- Opening Delimiter -

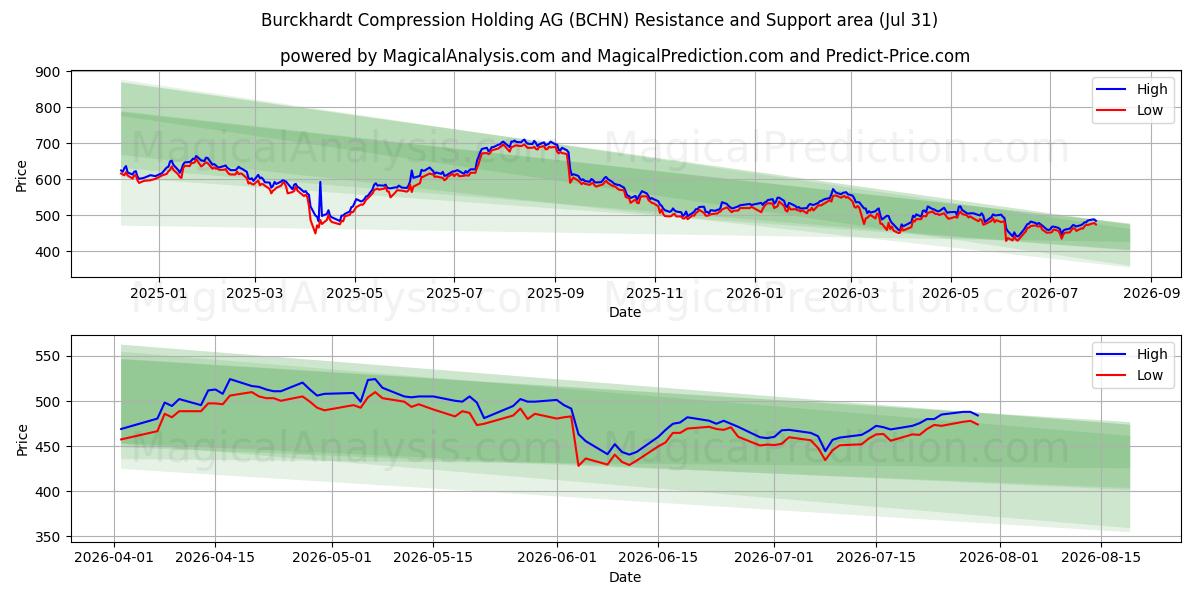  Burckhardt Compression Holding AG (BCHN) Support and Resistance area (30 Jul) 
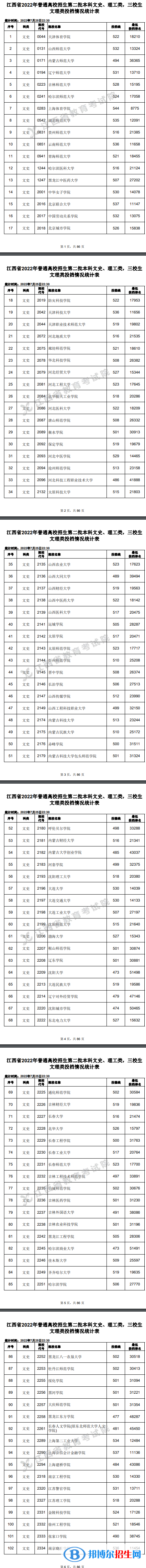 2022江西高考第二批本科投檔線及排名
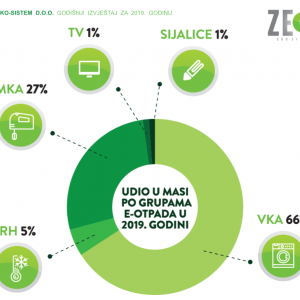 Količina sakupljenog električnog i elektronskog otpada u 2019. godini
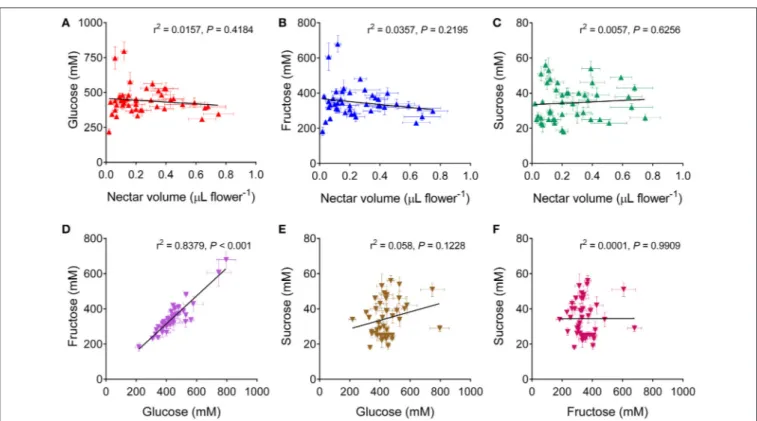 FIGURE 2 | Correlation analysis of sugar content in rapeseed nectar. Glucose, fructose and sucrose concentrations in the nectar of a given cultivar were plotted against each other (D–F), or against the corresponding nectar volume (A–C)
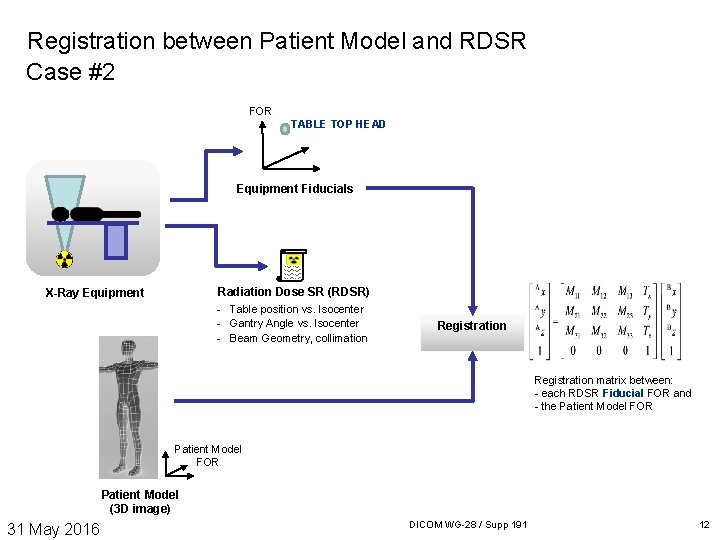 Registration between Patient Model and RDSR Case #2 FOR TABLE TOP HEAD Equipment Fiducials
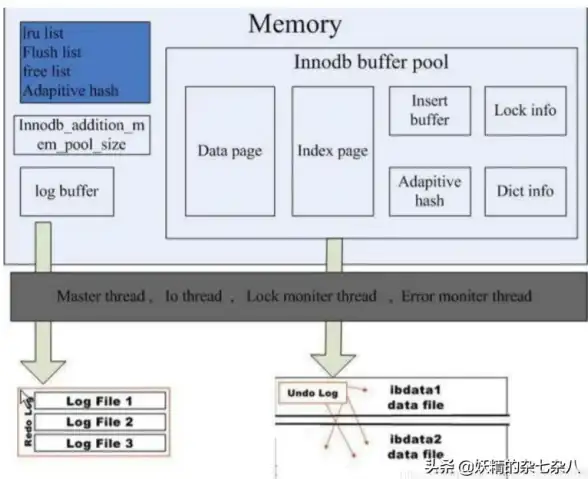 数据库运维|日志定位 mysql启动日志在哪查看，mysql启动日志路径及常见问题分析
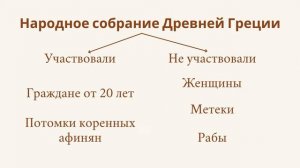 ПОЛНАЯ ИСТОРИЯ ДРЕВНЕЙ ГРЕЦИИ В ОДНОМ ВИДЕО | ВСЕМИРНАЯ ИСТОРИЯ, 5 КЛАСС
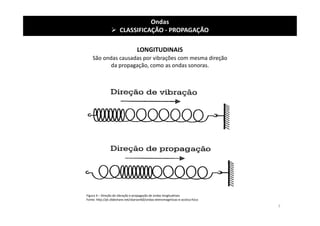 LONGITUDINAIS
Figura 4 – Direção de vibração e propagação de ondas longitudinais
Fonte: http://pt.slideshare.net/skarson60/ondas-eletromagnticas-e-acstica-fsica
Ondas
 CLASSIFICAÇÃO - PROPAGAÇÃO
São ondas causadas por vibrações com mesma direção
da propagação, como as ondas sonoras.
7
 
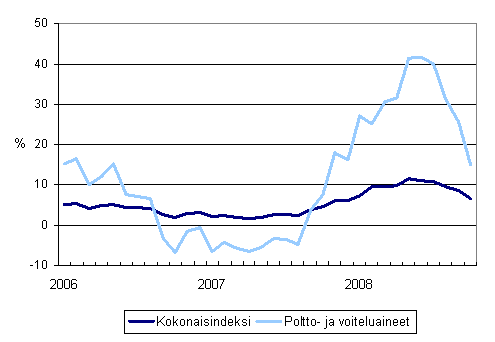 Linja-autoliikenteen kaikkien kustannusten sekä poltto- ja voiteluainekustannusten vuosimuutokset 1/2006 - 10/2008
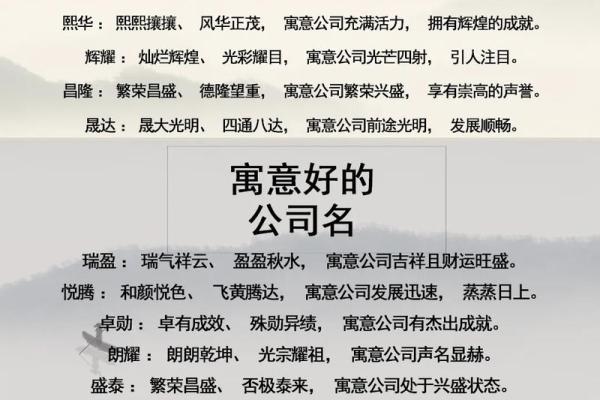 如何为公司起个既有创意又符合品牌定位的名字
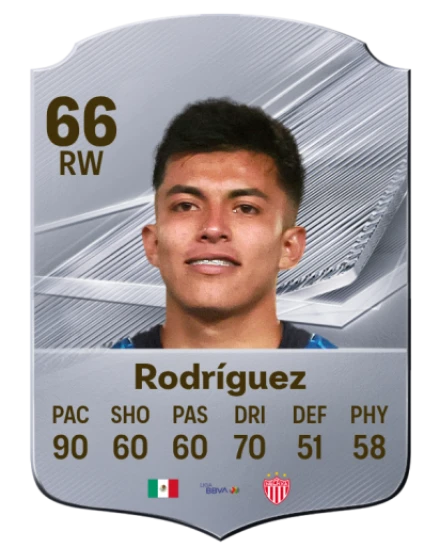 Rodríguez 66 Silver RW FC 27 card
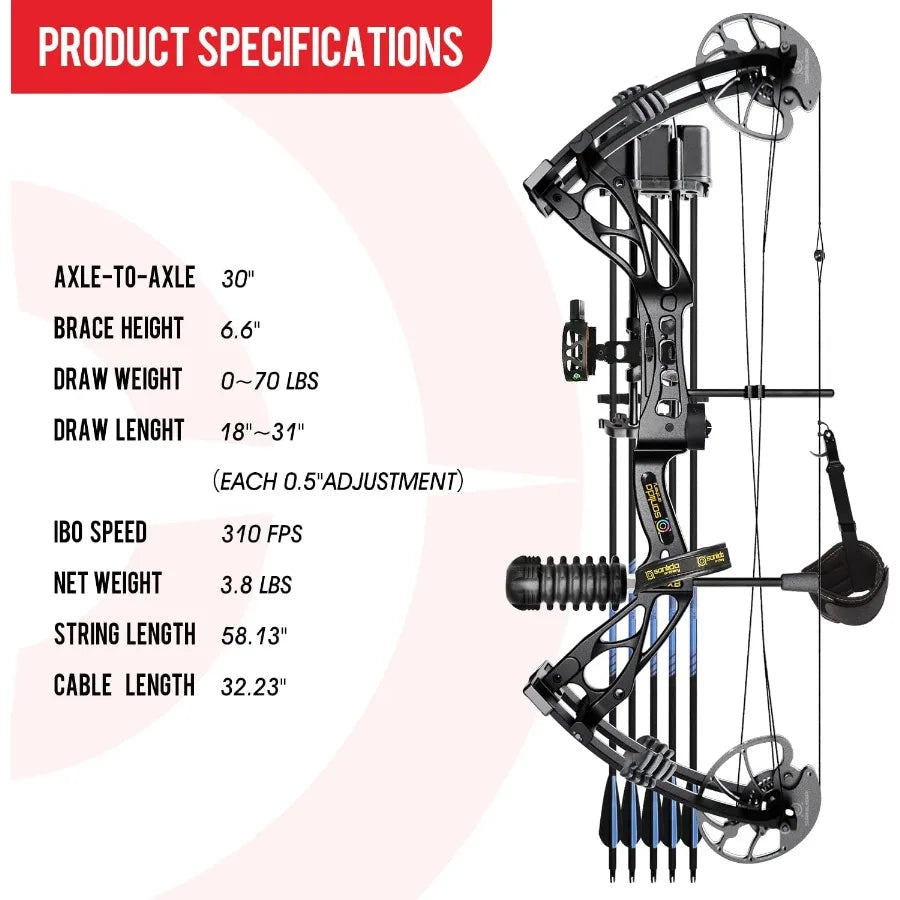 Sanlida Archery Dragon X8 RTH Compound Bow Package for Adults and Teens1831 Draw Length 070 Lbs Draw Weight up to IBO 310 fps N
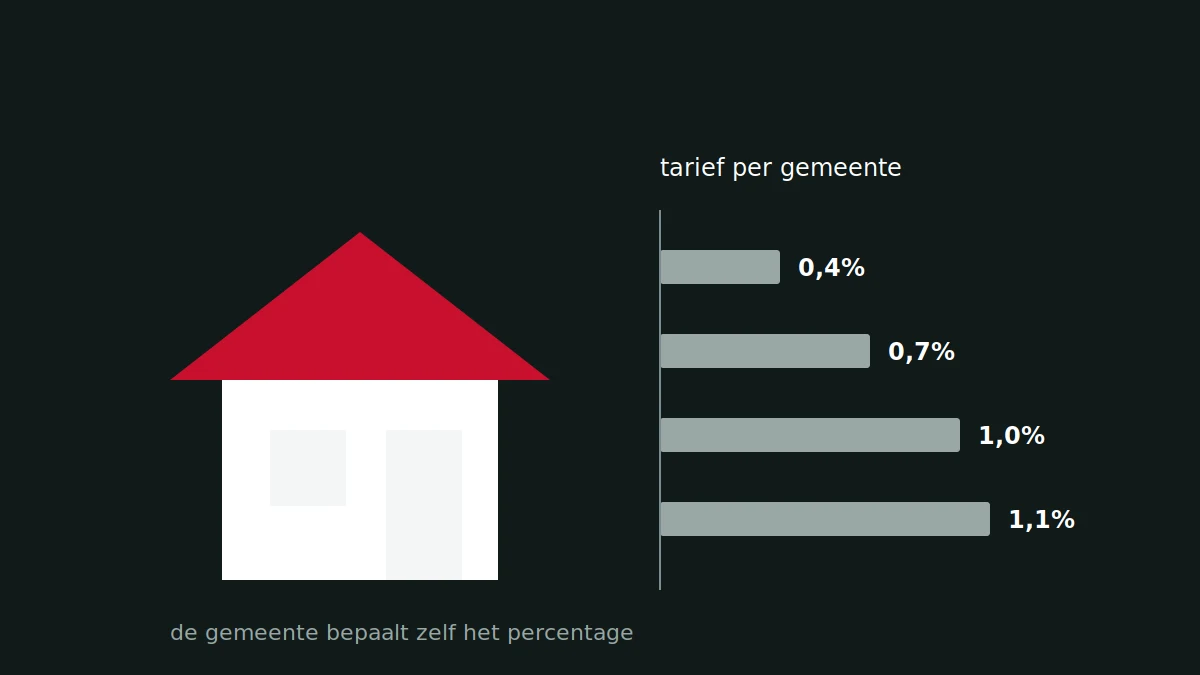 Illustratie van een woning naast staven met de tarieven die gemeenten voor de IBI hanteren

- Closing Delimiter -

* _Exercise aim_
The answer should be the complete listing, set down exactly, without pictures.

* _Exercise answer_
  Burckhardt Compression Holding AG (BCHN) Support and Resistance area (30 Jul) 
 2022江西高考第二批本科投檔線及排名
 Količina sakupljenog električnog i elektronskog otpada u 2019. godini
 FIGURE 2 | Correlation analysis of sugar content in rapeseed nectar. Glucose, fructose and sucrose concentrations in the nectar of a given cultivar were plotted against each other (D–F), or against the corresponding nectar volume (A–C)
 Registration between Patient Model and RDSR Case #2 FOR TABLE TOP HEAD Equipment Fiducials
 数据库运维|日志定位 mysql启动日志在哪查看，mysql启动日志路径及常见问题分析
 ПОЛНАЯ ИСТОРИЯ ДРЕВНЕЙ ГРЕЦИИ В ОДНОМ ВИДЕО | ВСЕМИРНАЯ ИСТОРИЯ, 5 КЛАСС
 LONGITUDINAIS
Figura 4 – Direção de vibração e propagação de ondas longitudinais
Fonte: http://pt.slideshare.net/skarson60/ondas-eletromagnticas-e-acstica-fsica
Ondas
 CLASSIFICAÇÃO - PROPAGAÇÃO
São ondas causadas por vibrações com mesma direção
da propagação, como as ondas sonoras.
7
 
 Linja-autoliikenteen kaikkien kustannusten sekä poltto- ja voiteluainekustannusten vuosimuutokset 1/2006 - 10/2008
 如何为公司起个既有创意又符合品牌定位的名字
 Rodríguez 66 Silver RW FC 27 card
 Sanlida Archery Dragon X8 RTH Compound Bow Package for Adults and Teens1831 Draw Length 070 Lbs Draw Weight up to IBO 310 fps N
 Illustratie van een woning naast staven met de tarieven die gemeenten voor de IBI hanteren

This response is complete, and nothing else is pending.